May and June were the months of boundless stamina. The sun stayed out longer, the air was finally warm. The energy of emerging spring brought countless opportunities for exertion: long hikes, long runs, strength training and yoga, day after day of activity. A yearning to avoid being alone, coupled with the satisfaction of nature at my fingertips, kept me going everyday. Occasionally, internal doubts would examine my ability to press on and find it sufficient. Don't stop now - as long as I have the energy, let's keep going. I survived on fish and bread, turkey sandwiches and unappetizing salads, chicken sausage with pasta, all with a strange distaste for most vegetables.

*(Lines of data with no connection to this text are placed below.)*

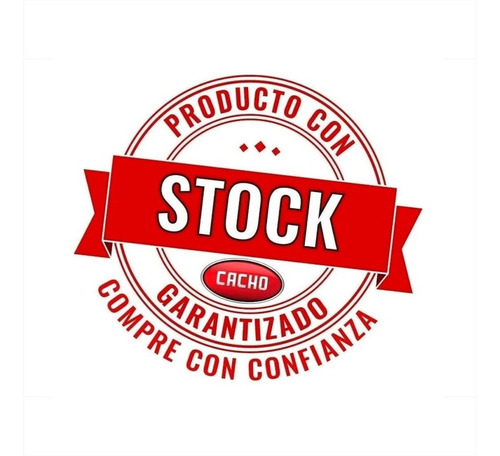 Imagen 4 de 8 de Caja De Direccion Hidraulica P/ Chevrolet Aveo Des 09 Premiu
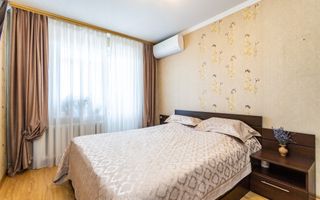 Vânzare, apartament, 3 camere, str. Alecu Russo, Ciocana - Poză 7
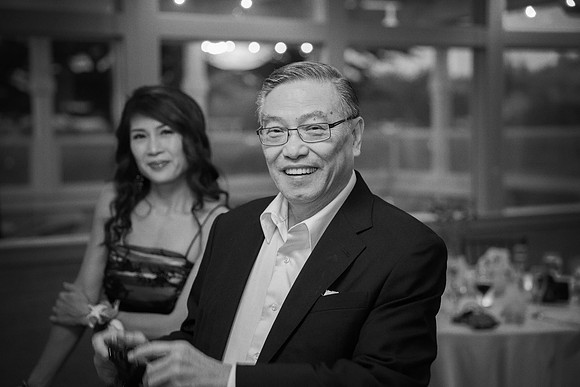 wedding ceremony half moon bay bay area terrificshot Photography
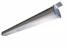 ledistys Ceiling luminaire moduled mdl801 ip65 ip65 8700lm 73w pc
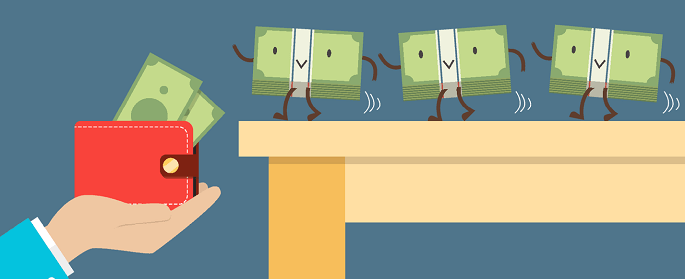 how-much-can-you-earn-as-a-treasurer-act-learning-academy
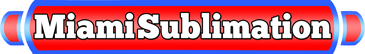 MiamiSublimation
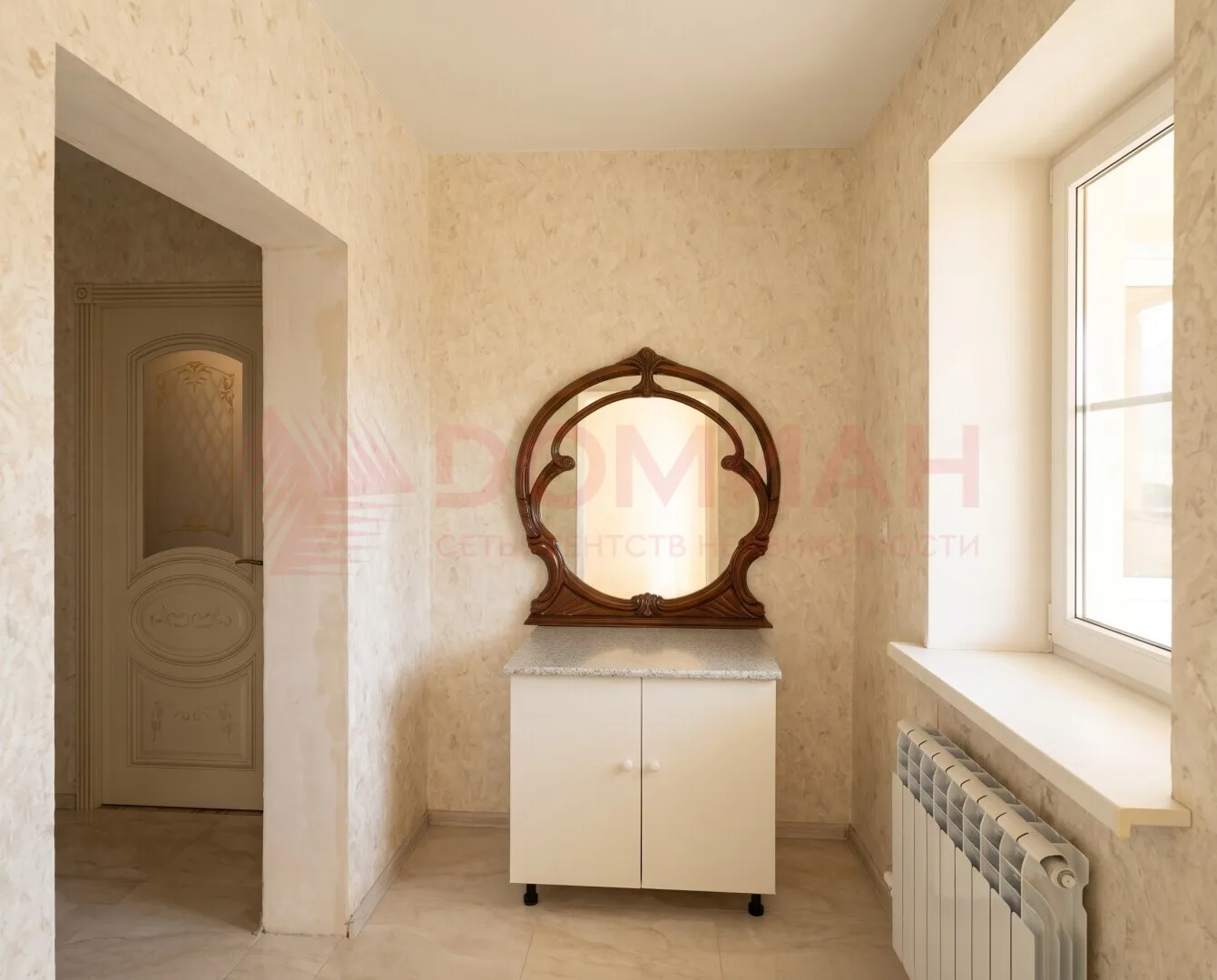 Дом 5 комн., 250 м² — Аксайский район, Темерницкий — фото 18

Now, it's July. Those lazy days of summer. The promised 100+ degree temps have arrived, and with them, my ability to press on is waning. I have that heavy feeling in my sternum that drags me back into bed or flattens me on the couch. Play time is over, temporarily. The trails can wait. Watching movies in the cool AC sounds about right. Low-intensity workouts at the gym. Cooking real food, vegetables included. Rolling on the carpet with the cat at dusk. Taking time to notice the little things, to process what I've seen, to start something new and special. Nesting.

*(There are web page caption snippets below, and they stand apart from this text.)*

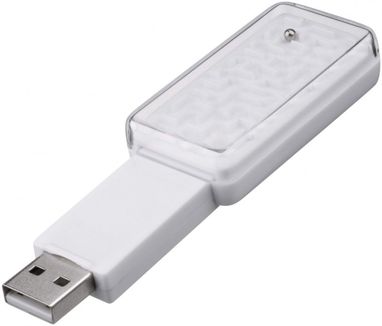 Накопитель USB Labirint 64GB - 12333600- Фото №1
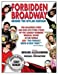 Seller image for Forbidden Broadway: Behind the Mylar Curtain (Applause Books) for sale by My Books Store
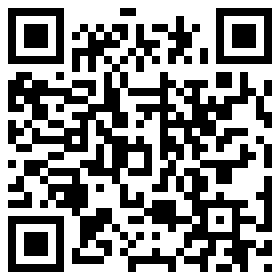 qrcode für Lindy 47193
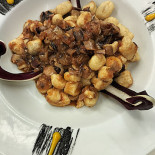 Mela Cotogna Comida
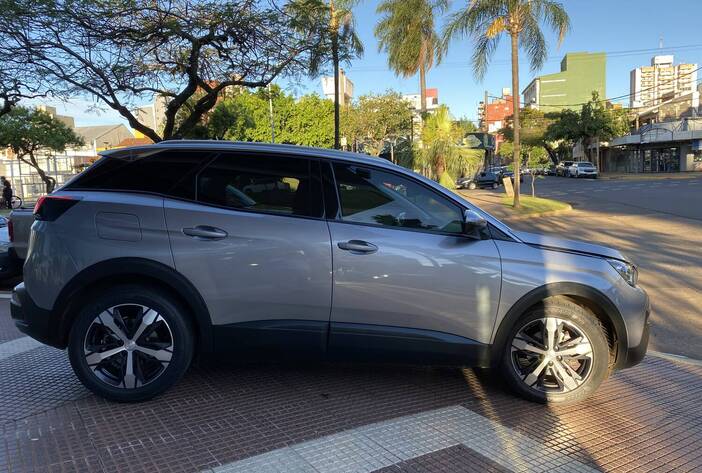 peugeot3008.autosusados-carmakposadasmisiones6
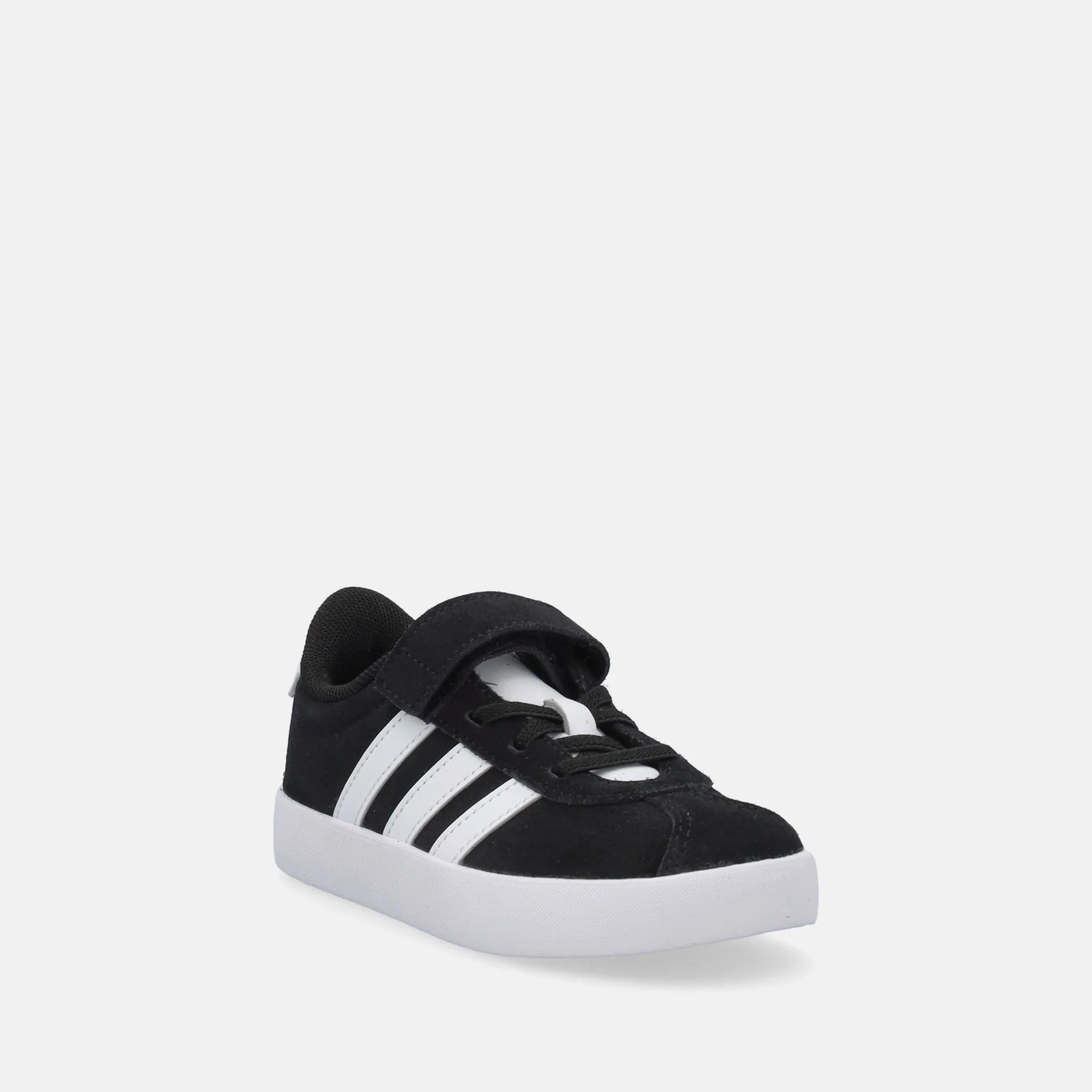 ADIDAS VL COURT 3.0 EL C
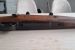 Mauser M98 .308 Win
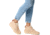 Sorel Explorer II Drift Waterproof Boot - Women's, Nova Sand, Natural, 8.5, 2019641-260-8.5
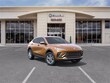 Buick Envista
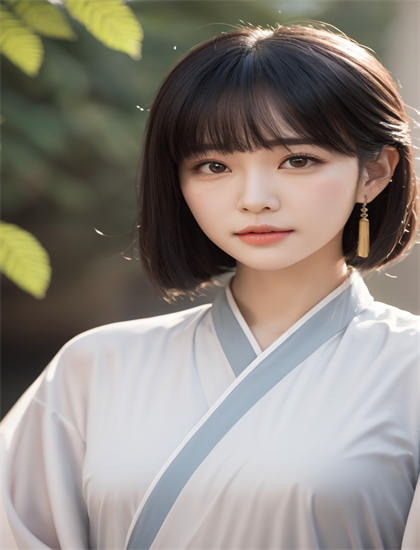 阿凡达3:火与烬免费观看在线播放_久久综合色丁香_猫鼠游戏在线观看免费完整版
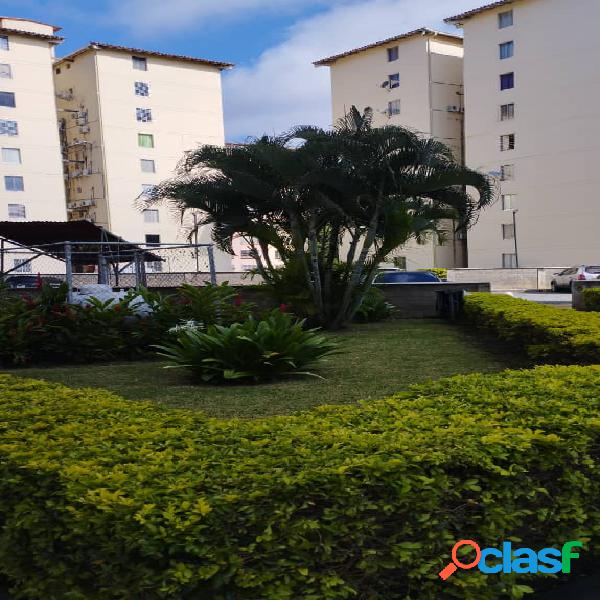 En Venta Apartamento en Conjunto Residencial La Pastoreña.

With the arrival of spring, I sprinted out of the gate, daring life to bring it on. At 32 years old, I'm in the best shape ever. It was just May, and suddenly now it's the second week in July, and every weekend from now until Labor Day has a plan. Summers are too short; to keep up that frenetic pace would mean a season come and gone in a blink and winter arriving too soon after it just ended. The sun has arrived at the northernmost point in the sky for the year, and as it starts to head south again, I'm ready to let go of the reins a bit. Ready to be a little lazier, to embrace some quiet times, to look back inward again. To enjoy the romance of the season in all its sweaty, short-shorts, lounging-by-the-water glory.